Cary Lawrence, CEO of Decile stated in a recent Q&A that “leveraging machine learning for predictive models (i.e. High propensity to Purchase, Personas, Predicted LTV) [can] advance the way marketers both acquire and retain their customers. This added layer of sophistication allows marketers to focus on growing profitably, not just growing topline revenue.”

First-party data remains the gold standard of data collection that fuels predictive analytics. It’s transparent and mutually beneficial, unlike third-party cookies, which are on their way out. More and more customers are willing to share their preferences and behaviors with their favorite brands, in exchange for a more personalized shopping experience. Marketers must continue to leverage this opportunity when communicating with customers and keep up their end of the bargain. 

Everyone Has a Persona
In today’s dynamic marketing landscape, understanding your audience is paramount. It’s no longer enough to put customers into broad categories. Crafting a message or product that connects with customers involves delving into their behaviors, preferences, and motivations. 

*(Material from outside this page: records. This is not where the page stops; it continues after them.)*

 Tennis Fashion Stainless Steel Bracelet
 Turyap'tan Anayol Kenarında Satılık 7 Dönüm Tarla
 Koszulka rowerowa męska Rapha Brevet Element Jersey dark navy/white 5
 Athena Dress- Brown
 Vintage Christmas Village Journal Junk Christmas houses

AI-generated personas leverage first-party data enriched with demographic, psychographic, and behavioral attributes to create a detailed and complete customer profile. The AI processes millions of data points, from purchasing behavior to age, and everything in between, to identify patterns and clusters of similar traits among customers. This modeling goes far beyond the standard grouping of “Google analytics” and allows brands to build and retain a more loyal customer base by speaking more directly to subsets, inform product optimization strategies and drive more personalized marketing campaigns to ultimately help that brand to grow profitably.

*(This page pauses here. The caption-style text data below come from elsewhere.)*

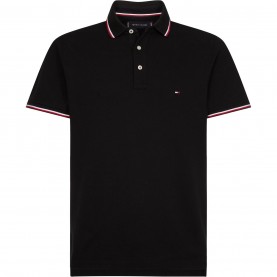 блуза,с,яка,мъжки,летен,каталог,мъжки,тениски,tommy,hilfiger,core,tipped,slim,polo,shirt,black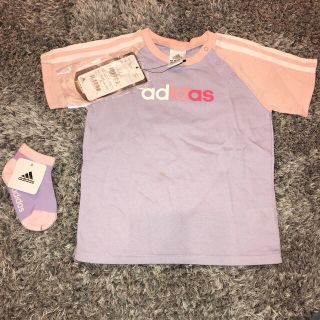 アディダス(adidas)のアディダス キッズ tシャツ 靴下セットア95日本製90 100 adidas(Tシャツ/カットソー)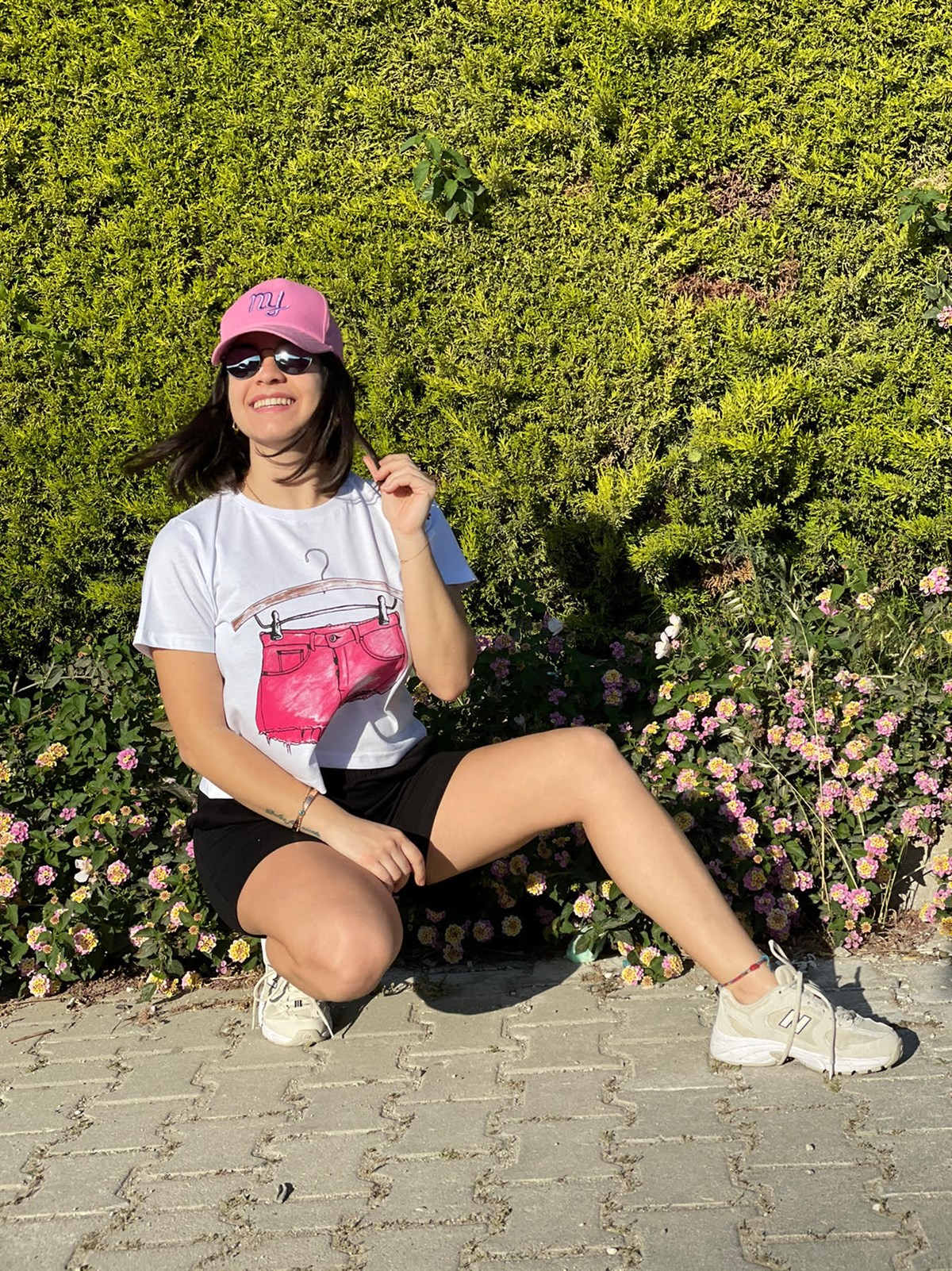 Şort Baskılı Crop T-shirt
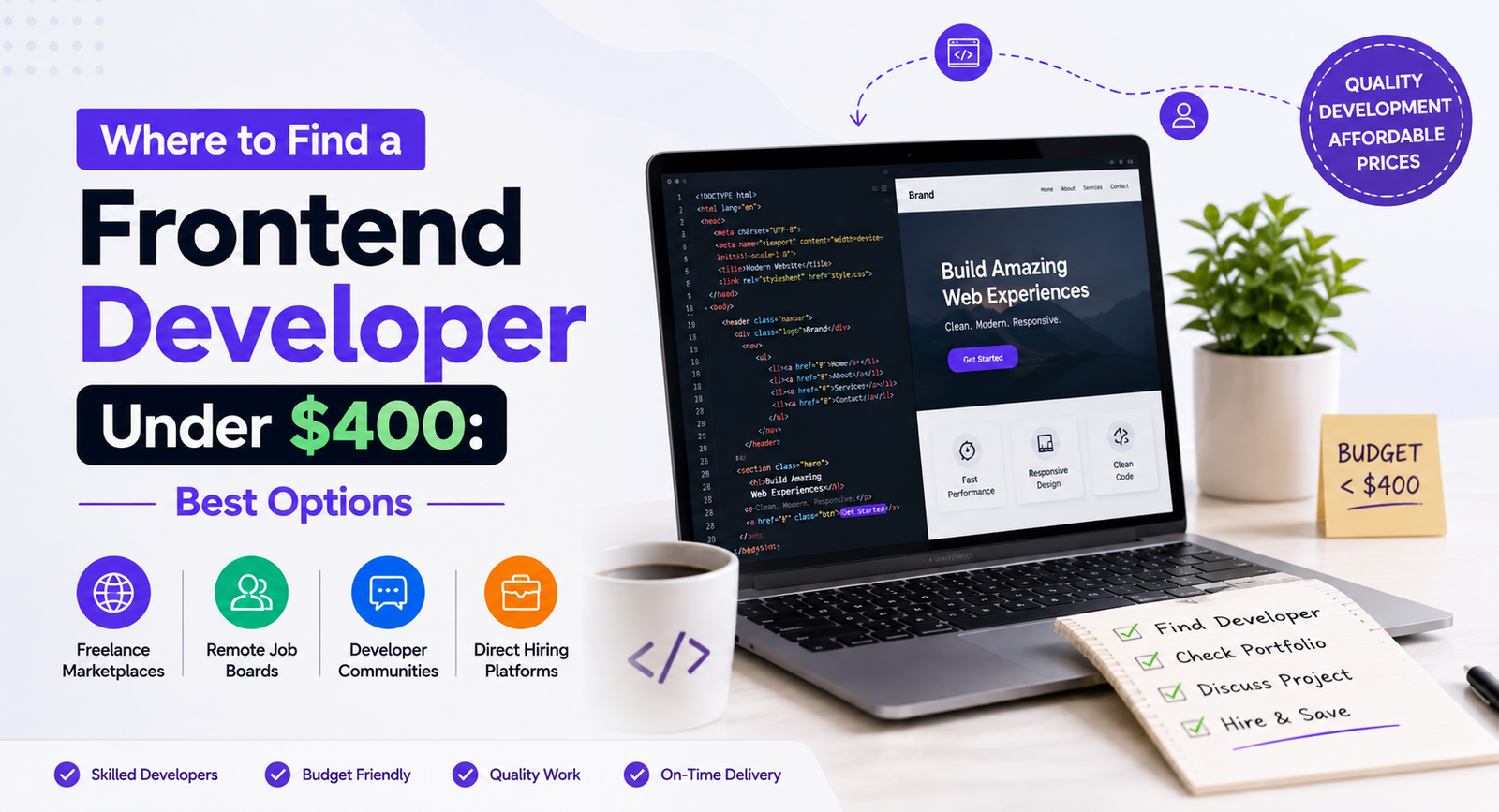 Where to Find a Frontend Developer Under $400: Best Options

Predicting What Will Move the Needle
Sure, understanding your customer is a major part of marketing to them, but even more paramount is learning what will increase their lifetime value (i.e. make them a repeat purchaser, etc). This is especially important when looking at surges of one-time purchasers, says Decile, for instance in the case of a “viral moment.” A Decile customer recently experienced just that, where they had a viral moment on TikTok and experienced the associated surge in purchases for the viral product. While a surge in sales can be great, the brand needed to understand how to turn these new customers into repeat customers. This is where predictive analytics can offer marketers exactly the info they need to capitalize on that viral moment. 

With enriched data and predictive analytics, the brand was able to identify who of these new customers had the highest propensity to repurchase and who of them would most likely be of the highest value. Instead of just target marketing the new customer base in mass, the brand took an individual approach to personalize marketing campaigns to those customers who met those criteria and were able to retain a significant set of these viral buyers. 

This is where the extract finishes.